By Doug McNally, MKEA Coordinator, Berkshire Region
We are just beginning to understand the positive impact that effective use of formative assessment in early education could have on both individual learners and on the early education system as a whole. Although GOLD® is a tool for formative assessment, and as such is not meant to be predictive, over time aggregated data will provide profiles of children at early ages who achieve success in grades three and beyond. Wouldn’t it be great if we could show a correlation between strong early development in the executive function and reading proficiency in elementary grades?
If one examines the strategic plan design requirements for Preschool Expansion Grants, it becomes apparent that both the departments of Early Education and Care and Elementary and Secondary Education believe that Teaching Strategies GOLD®, or a similar assessment system, will provide a vehicle for finally being able to assess a child’s growth trajectory in all domains from an early age.

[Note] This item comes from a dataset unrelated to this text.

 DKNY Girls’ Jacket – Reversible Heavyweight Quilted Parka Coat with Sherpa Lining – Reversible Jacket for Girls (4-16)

For this to bear fruit, we need to ensure that the assessment is implemented with fidelity, that early educators use the results to inform their curriculum and instructional decisions, and that there is a mechanism that will allow educators who have direct responsibility for the child’s learning to access the data over time. Districts should work with early education programs in their communities to facilitate the assignments of State Assigned Student Identification numbers (SASIDs) to preschool students and also to facilitate the development of a data warehousing plan so that kindergarten teachers can have access to the learning history of their entering students.
Furthermore, all of us involved in early education must expand our efforts to ensure that we get the implementation of formative observational assessment in the early years done correctly. This means that lead teachers and principals, as well as classroom teachers, must become proficient in how to use the tool for their own role to maximize every child’s learning.
Early educators should endeavor to move beyond collecting evidence and benchmarking children’s progress. Now that most have gained confidence in the use of the tool, it is time to expand the effective use of the data in all classrooms across the mixed delivery early education system and early elementary grades.